Chilled chrysanthemum tea is sold in tins (70p), but try as I might I can never get it out of my mind that I am drinking the water out of a vase of flowers. You can also get the strangely smoky "grass jelly" drink, pleasant lychee beverages and various combination tea drinks. Best to buy your tea loose; red or oolong tea rarely has a brand name, just a variety of prices depending on quality and the odd scented curiosity like Daffodil tea. Cheap oolong is what you drink in restaurants, but the pricier varieties are a revelation, quite the equal of Darjeeling. Green tea is also popular, especially as a summer drink. In Victorian times it was suppose to induce hallucinations, but these days it has been linked to lowering cholesterol and is anti-viral to boot. "Dragon Well" is a popular green tea but it isn't cheap.
Medicinal herbs
There is a much closer link between food and medicine in Chinese culture than in our own. Whenever I asked what to do with salt preserved limes, 1,000-year-old eggs, ginseng or herbs, the answer invariably was to add it to a soup or a congee (boiled down rice soup). In fact some foods, like the delicious but tannic little raisin-like lycii, are both food and medicine.

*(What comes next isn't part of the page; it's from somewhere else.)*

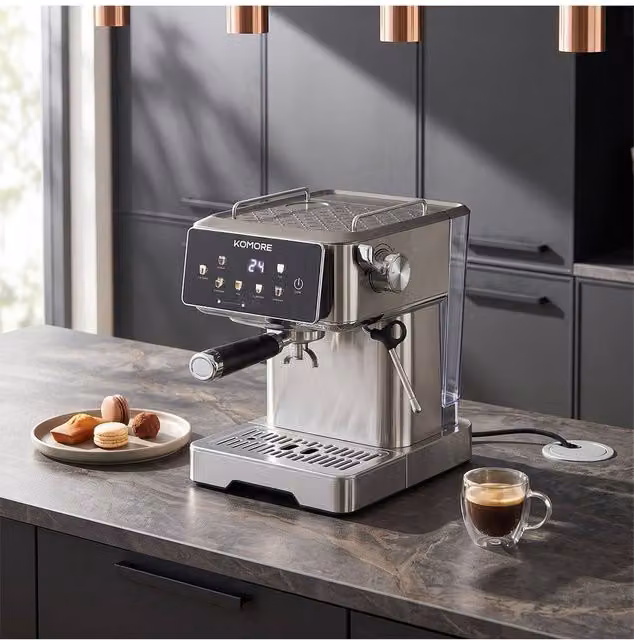 Living and Home Espresso Machine with Milk Frother and Touch Display in Silver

Don't take Chinese medicinal herbs unless prescribed, but it is fun to wander into a Chinese pharmacy and wonder at the melancholy piles of dried seahorse, sponge-like fungi, bark shavings, ginseng roots (I saw one wild root selling for pounds 2,774) and the alarming sight of dried deer penis. Fiery embrocations abound and are universal fixits for anything from tummy aches to inset bites. You may be familiar with Tiger Balm or White Flower Oil, with its pungent mix of wintergreen, eucalyptus etc. Bee Brand liniment and massage oil are generically similar and very popular with dancers and athletes for muscle sprains.

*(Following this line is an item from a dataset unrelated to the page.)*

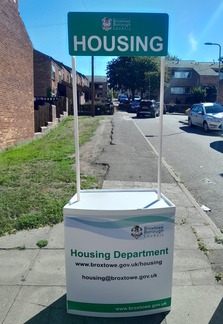 Housing stand on a street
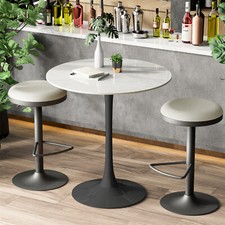 30 Inch Diameter Round Bar Height Cocktail Table Sintered Stone Top Metal Base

Worth a try are Lotus lip balm, shampoo and face cream, containing Chinese herbs such as Radix Puerariae. For inflammations and insect bites try "Golden Yellow Ointment" (approx pounds 6.95 for 2fl oz), with trichosanthis root and red peony. For flu you might care to try Wong Lo Kat herbal tea (about pounds 1.30). Its instructions are in Chinese, but simmer gently in water for two hours and drink. "Move Mountains" liquid energy boost, about pounds 12, contains ginseng and dendrobium and, like guarana, has its devotees.